When Does Closeness in Distribution Imply Representational Similarity? An Identifiability Perspective
Code for experiments and plots for the article: "When Does Closeness in Distribution Imply Representational Similarity? An Identifiability Perspective" by Beatrix M. G. Nielsen, Emanuele Marconato, Andrea Dittadi and Luigi Gresele, accepted for NeurIPS 2025.
Training models, calculating distances and generating plots can be done through run.py. See the "Usage" section below for details.
Note that some of the code for creating plots requires trained models or pre-computed distances.
Some checkpoints from models on synthetic data have been included as examples in the "checkpoints" folder.
Some result files with computed distances and accuracies are in the "results.zip" folder. Remember to unzip before using these to make plots.
The outline of the installation is the following:
1. Create and activate conda environment
2. Conda install relevant conda packages
In 2. there might be differences depending on your machine and preferences. All relevant commands can also be found in conda_environment.txt.
1. Create and activate conda environment
Use the commands:
conda create -n close-dist python=3.11
conda activate close-dist
2. Conda install relevant conda packages
Install the relevant packages with the following commands:
conda install matplotlib docopt h5py scikit-learn tqdm scipy sympy pandas
If you are on a CPU only machine continue with:
conda install pytorch torchvision torchaudio cpuonly -c pytorch
If you are on a GPU machine use instead with the relevant cuda version:
conda install pytorch torchvision torchaudio pytorch-cuda=12.4 -c pytorch -c nvidia
We use CIFAR-10 loaded with the torchvision package.

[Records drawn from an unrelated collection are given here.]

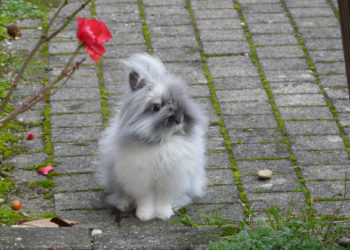 Comment savoir de quelle race est son lapin ?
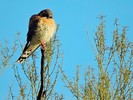 photo thumbnail #4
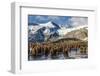 King Penguin (Aptenodytes Patagonicus) Chicks-Michael Nolan-Framed Photographic Print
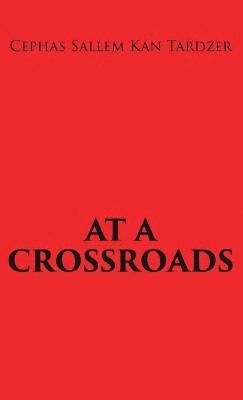 bokomslag At a Crossroads
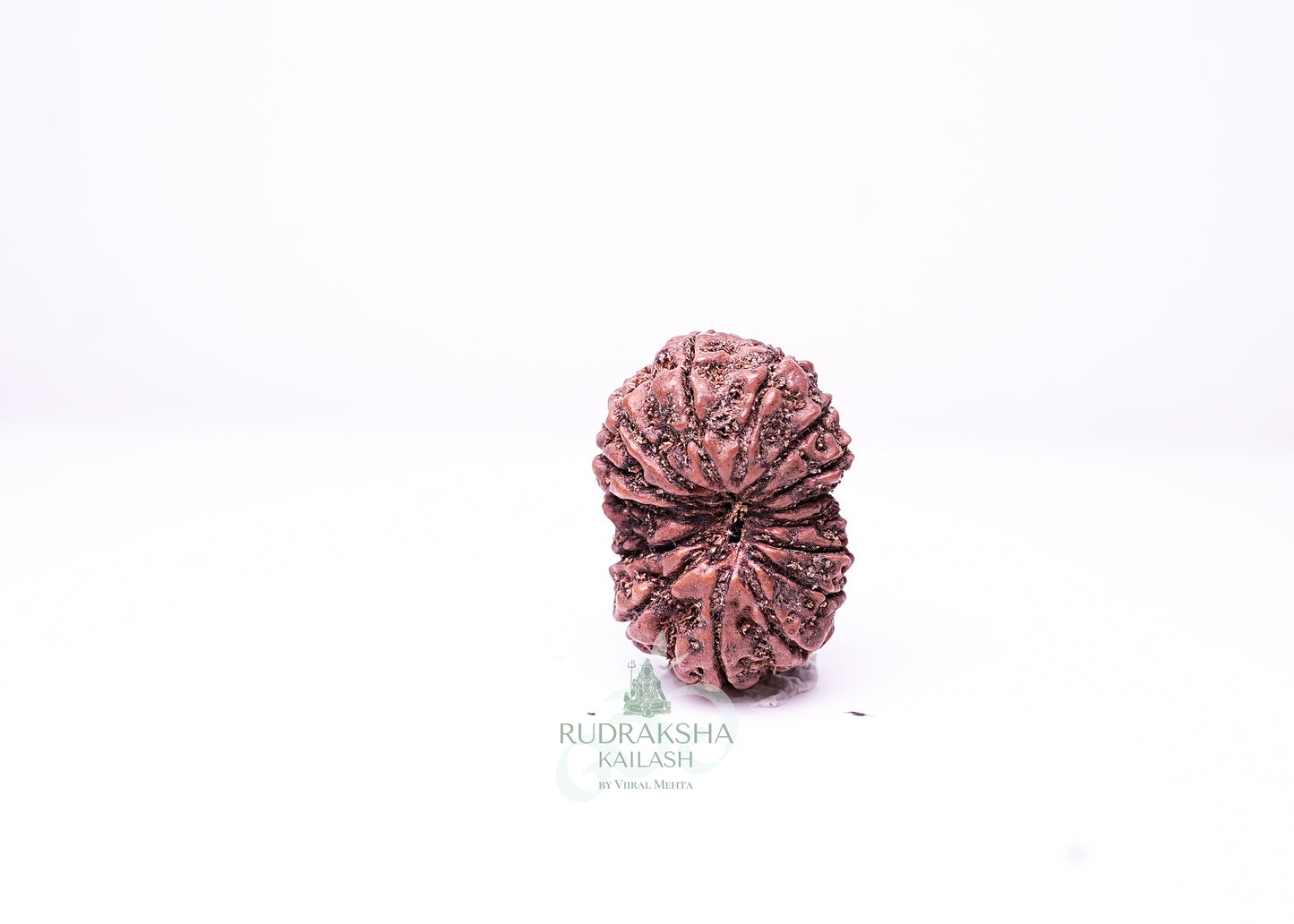 16 Mukhi Indonesian Rudraksha - 1604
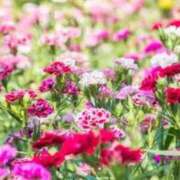 ヒメ日記 2025/05/11 16:00 投稿 天海　はるか エンジェルコースト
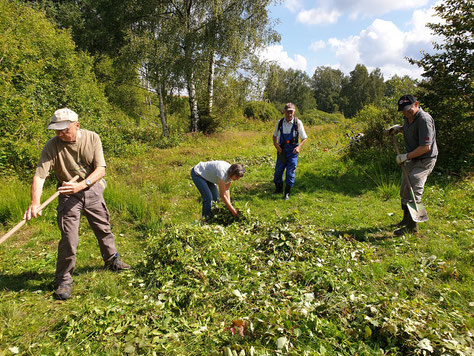 Arbeitseinsatz im Lindauer Quellmoor (Foto: Götte)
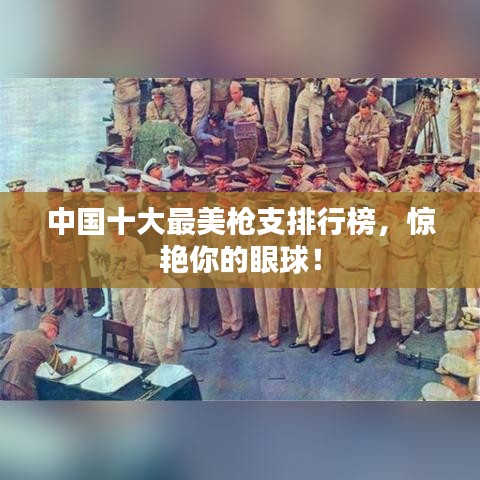 中国十大最美枪支排行榜,惊艳你的眼球!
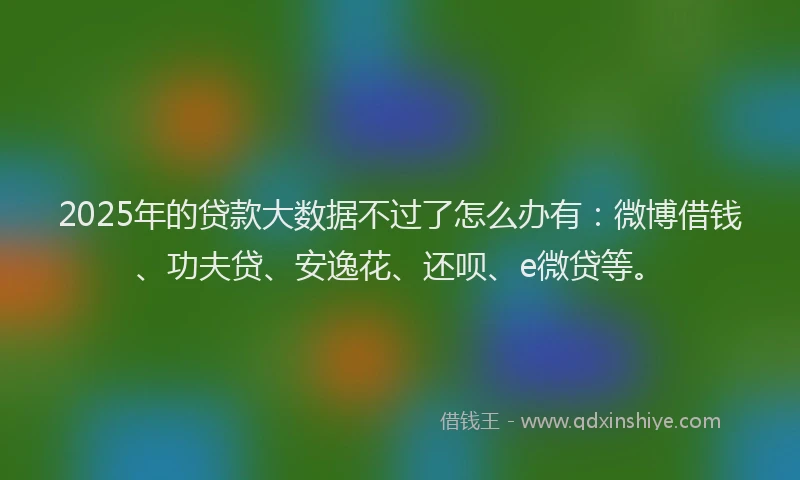 2025年的贷款大数据不过了怎么办有：微博借钱、功夫贷、安逸花、还呗、e微贷等。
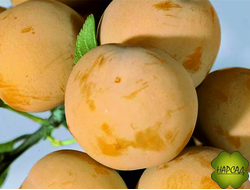 Слива "БЕЛАЯ МЕДОВАЯ" (КРУПНАЯ, МЕДОВАЯ, САЖЕНЕЦ 3 ГОДА)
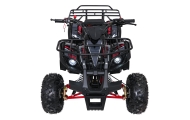 Variklinis keturratis motociklas „WILDPEAK“ 110 cm³, raudonas-Elektromobiliai vaikams, Keturračiai ir bagiai-e-vaikas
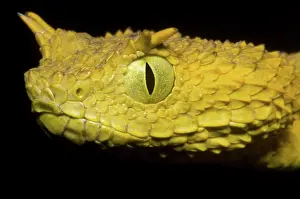 Convergent: Usambara Eyelash Bush Viper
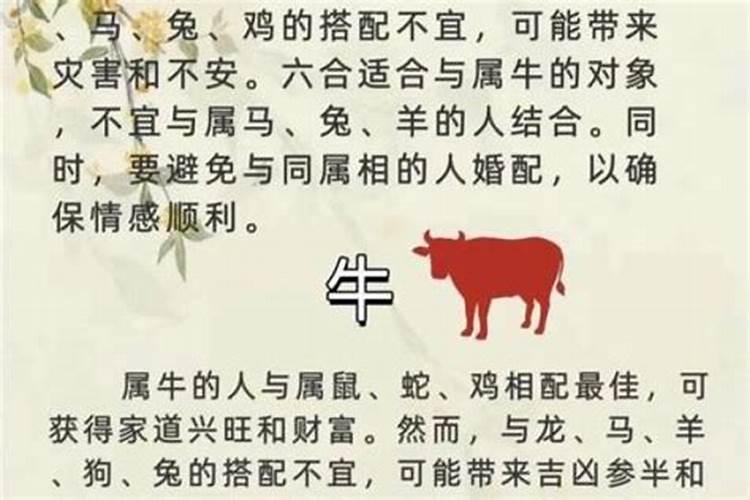 属羊的和属虎命里相冲吗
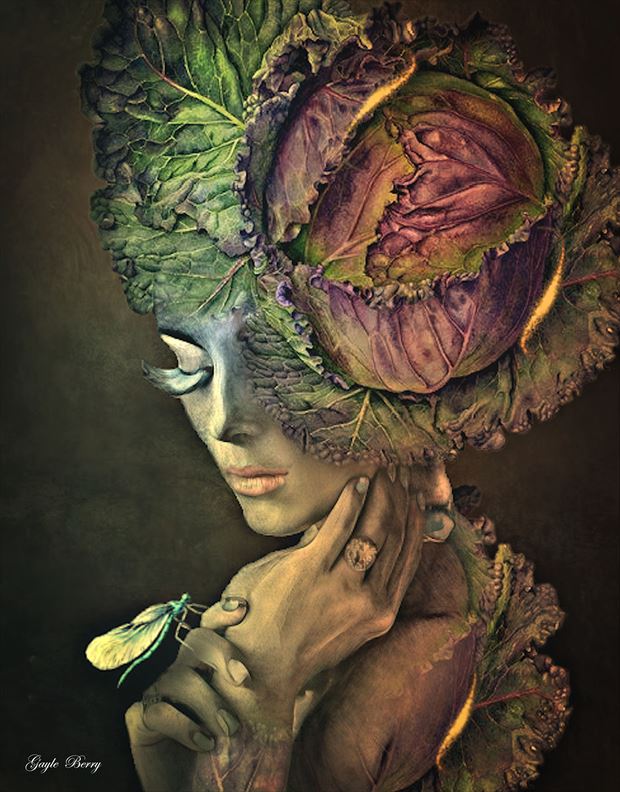 cabbage moth surreal artwork by artist gayle berry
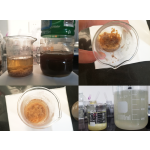 Sodium Alginate Supplier - Textile Grade Deodorizer Free Sample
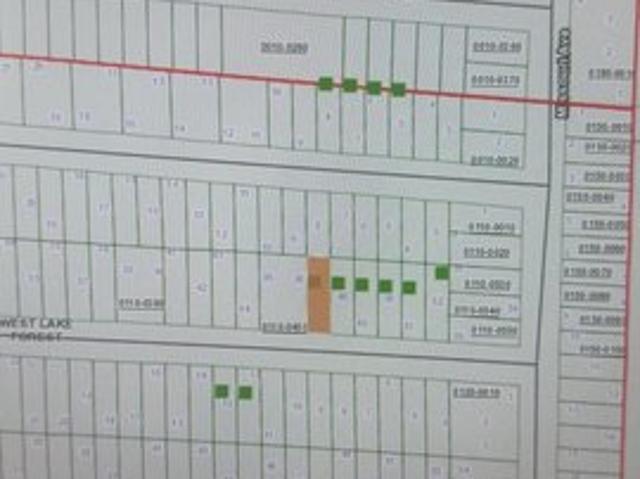 Land for sale in Hawthorne, Florida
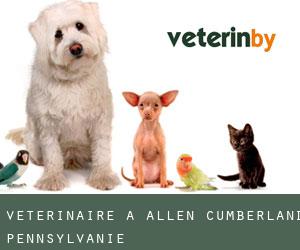 vétérinaire à Allen (Cumberland, Pennsylvanie)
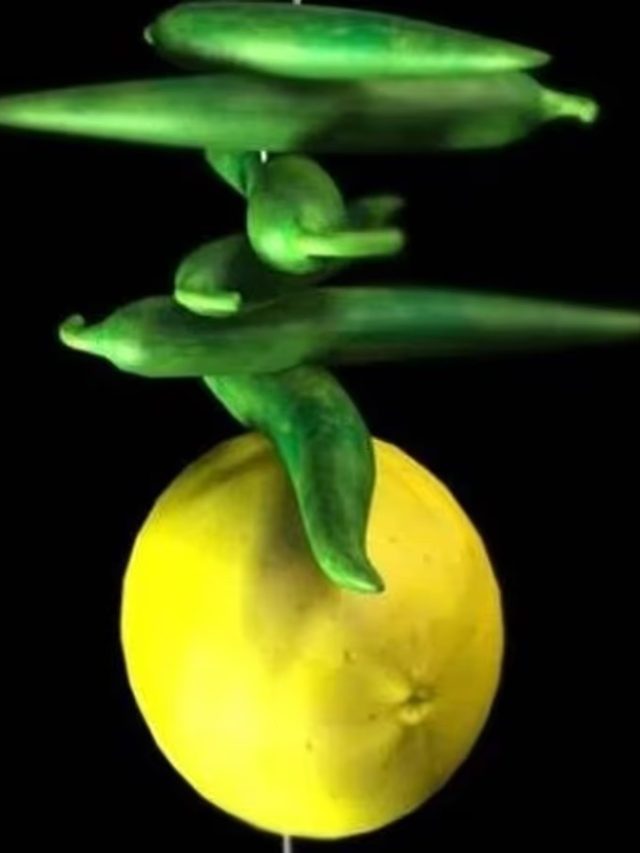 দোকানের সামনে লেবু-লঙ্কা কেন ঝোলানো হয়? জেনে নিন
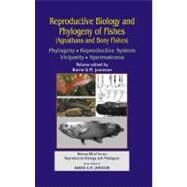 Reproductive Biology and Phylogeny of Fishes (Agnathans and Bony Fishes): Phylogeny, Reproductive System, Viviparity, Spermatozoa by Jamieson,Barrie G M, 9781578085804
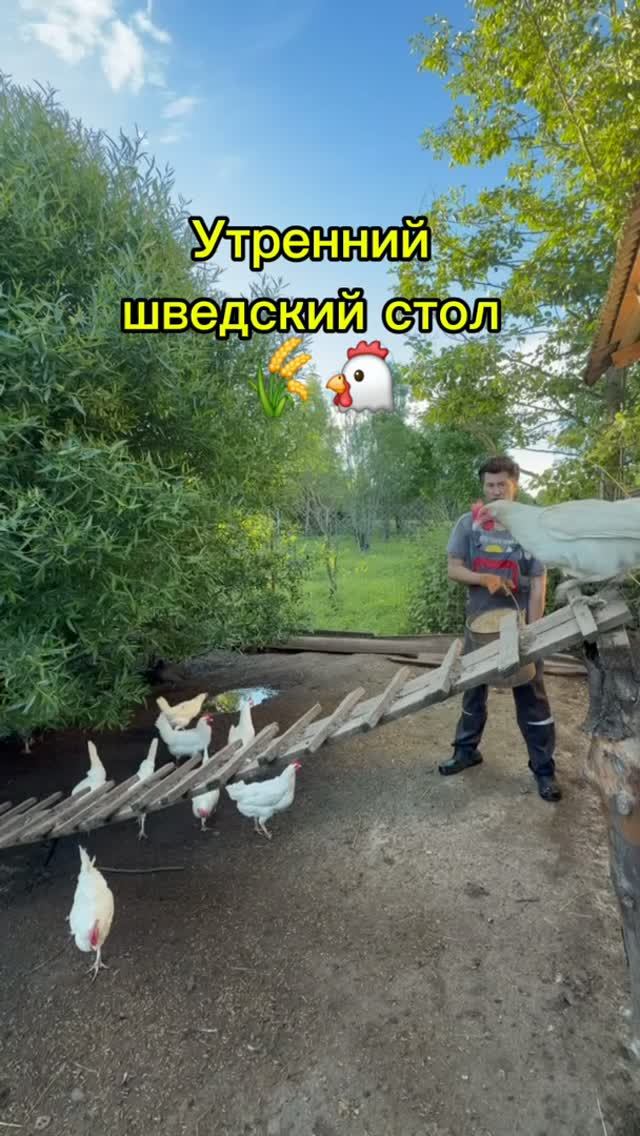 Свое зерно для кур - база, но за горбушку любая убить готова!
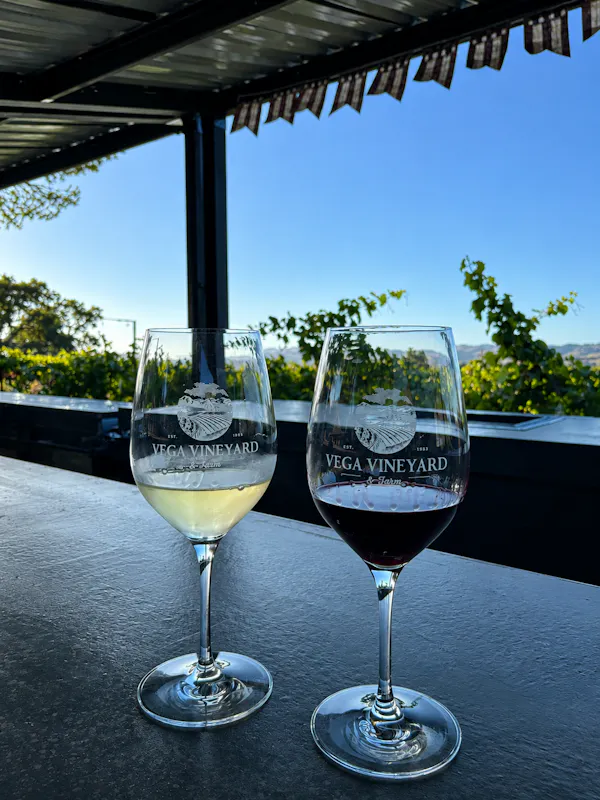drinkware, stemware, alcoholic drink, dessert wine, barware, champagne glass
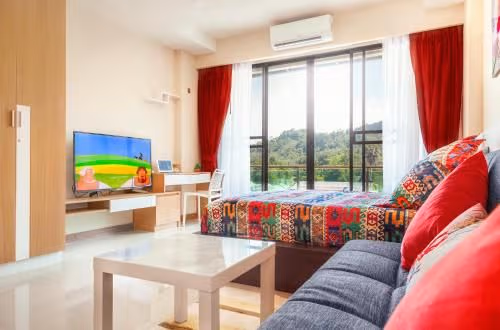 Deluxe Apartment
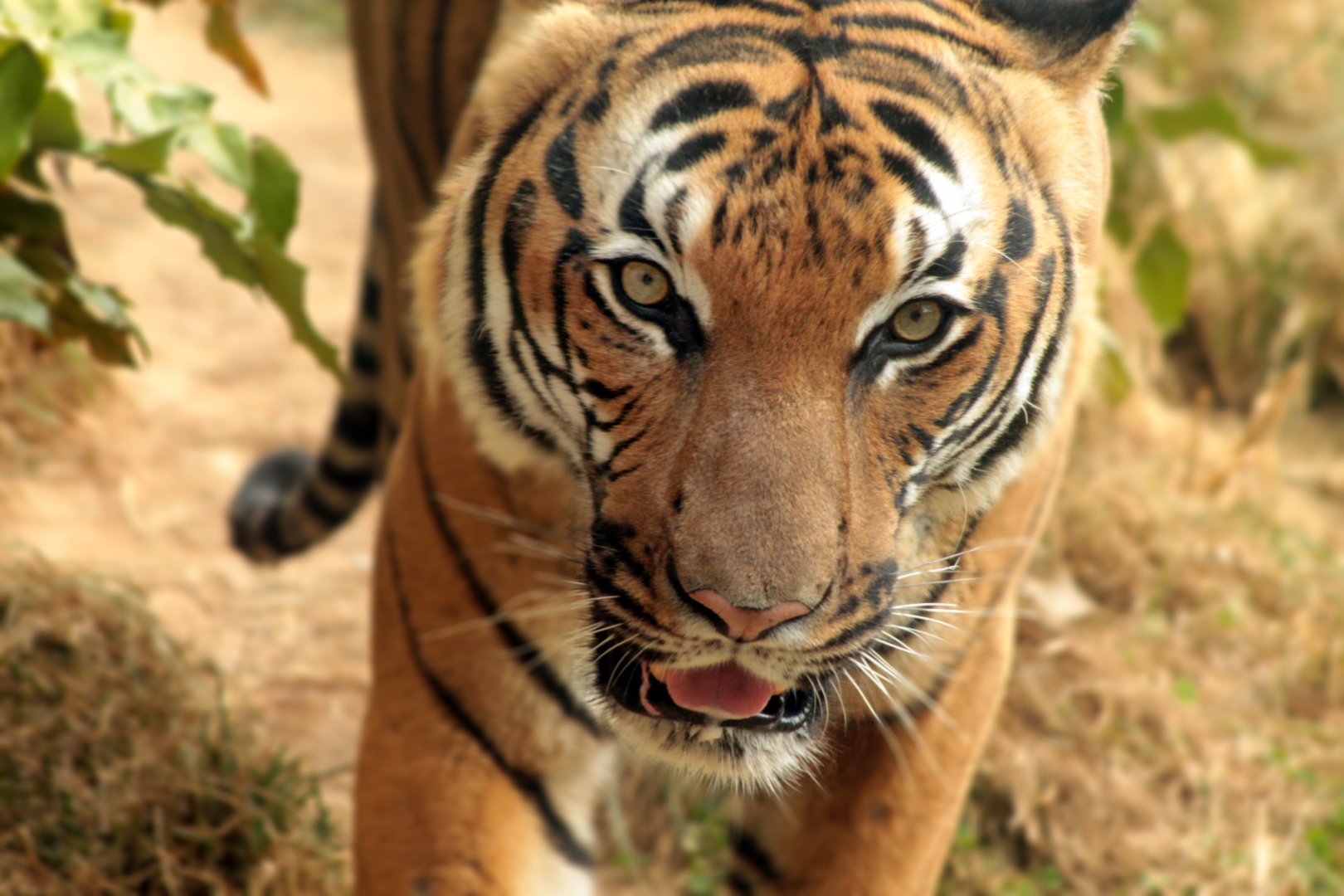Sep. 2018 - Asian Trek - Malayan Tiger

Configurations for training models are in the configs folder. There are three kinds of configs: 1. model config, which specify the model architecture, 2. dataset config, which has settings for the dataset to use for training, and 3. training config, which specifies the hyperparameters to use for training, e.g. learning rate. Classes for the configs are in the src/config folder. When using run.py to train a model paths to all three configs must be given.
To see all options, use:
python run.py -h
To train models use:
run.py train-variations --output-folder=<file> --dataset-config=<file> --model-var-config=<file> --train-config=<file> [options]
Where output-folder is where checkpoints will be saved.
For example:
python run.py train-variations --output-folder=checkpoints --dataset-config=configs/cifar10_0_cls10.json --model-var-config=configs/model_variations_config_resnetcifar10_128_fd3.json --train-config=configs/cifar10_0_32_ADAM_0_0001_20000steps.json --cuda
Will train a resnet classifier on CIFAR-10 with 3-dimensional representations for 20K steps. Training can be resumed from a saved checkpoint by using the date-str and continue-from options. For example:
python run.py train-variations --output-folder=checkpoints --dataset-config=configs/cifar10_0_cls10.json --model-var-config=configs/model_variations_config_resnetcifar10_128_fd3.json --train-config=configs/cifar10_0_32_ADAM_0_0001_20000steps.json --date-str=2025-04-22 --continue-from=5000 --cuda
Will load a checkpoint of a resnet classifier on CIFAR-10 with 3-dimensional representations which began training on 2025-04-22 and has already trained for 5000 steps. Training of this model will continue until it reaches the 20K steps specified in the config.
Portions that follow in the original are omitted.